Not only did I live under the constant terror of noogies, wedgies and towel snaps, I lived through the additional horror of becoming the monster I despised—terrorizing my younger brothers and sister as their Friday night babysitter. On one all too well remembered evening, I convinced my brother Andrew that I was going to flush his foot down the toilet. It is the type of story that comes up from time to time during family reunions, wedding toasts and now, on a first date.

The first date went well.  By the end of June, Vidya had moved in. By the end of October, I had finished painting the baby’s room. Our baby was due in December.

One day a voice caught me by surprise in a coffee shop. It had a brassy, French horn quality to it. In a way it was like hearing an echo of my own voice—as if my voice had bounced off a tile wall and through doing so tightened its diction. The language and pronunciation were more exact than the lazy educated Brooklyn accent I had grown comfortable speaking in.

“Excuse me,” I said, following the man to the milk and sugar table at the front of the coffee shop. “You seem familiar to me and I don’t know why.”

“I don’t know why either,” he said. He put his hand out. “My name’s Michael.”

“Michael,” I said, finding something else in his face. “I think I knew you when your beard was shorter and your hair had not yet turned white.”

“You may have. You may have,” he nodded. “There was such a time.”

“And if I remember correctly,” I said. “I think I used to call you Professor.”

“I’d say your memory serves you well,” he said. “That’s one of the titles I am known by.”

“I’m Paul Hawkins,” I said. “I was a student of yours about eighteen years ago.”

“Paul Hawkins,” Michael said. “Yes, I remember that name.”

Michael’s pet project was an elective class on the history of the English language. Each spring, in an effort to bolster registration in the class, Michael would post fliers all around campus inviting students to an hour long lunch time seminar on the history of dirty words. I attended the seminar and registered for the course.
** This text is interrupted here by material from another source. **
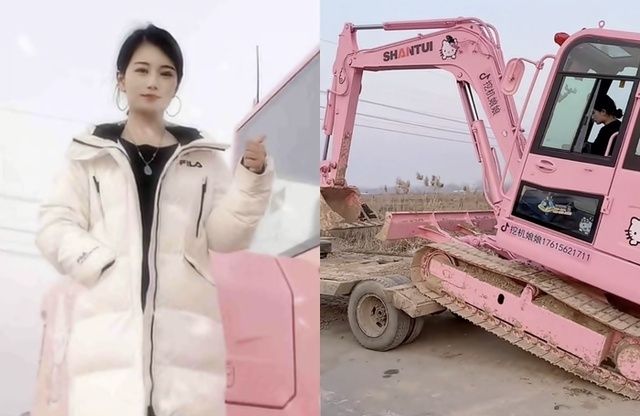 헬로키티 굴착기로 건설현장에서 눈길을 사로잡고 있는 중국 여성. SCMP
It was one of those courses that didn’t really help you in later life, like statistics and economics, but it provided a foundation of arcane knowledge that I could resort to if I followed my dream to become a Jeopardy contestant. Aside from that, it provided just another craw for me to get things stuck in.

Vidya and I were due for a night out. We went for a bite to eat and to see a movie. I forget what we had for dinner, but the movie we picked was Elizabeth: The Golden Age.

“What did you think of it?” Vidya asked as we walked up Court Street on our way home.

“Something happened in the beginning of the movie that distracted me,” I said. “I couldn’t get my head back into the story.”

“What was it?” Vidya asked as we huddled against the damp October evening.

“Something stupid,” I said. “Elizabeth said ‘hurricane’. I don’t think she would have known that word.”

As the movie’s plot builds, Elizabeth snaps back at the Spanish ambassador after he says something cute about her majesty’s relationship with Clive Owen, I mean Walter Raleigh.

The Spanish ambassador cautions the shortsightedness of her majesty’s outrage with the line, “You see a leaf fall and you think you know which way the wind blows. Well, there is a wind coming, Madame, that will sweep away your pride.” He then squats out a little curtsy and turns to leave.

Incensed, Cate Blanchete, I mean Elizabeth, takes a deep breath and roars, “I too can command the wind, sir! I have a hurricane in me that will sweep Spain bare if you dare to try me.”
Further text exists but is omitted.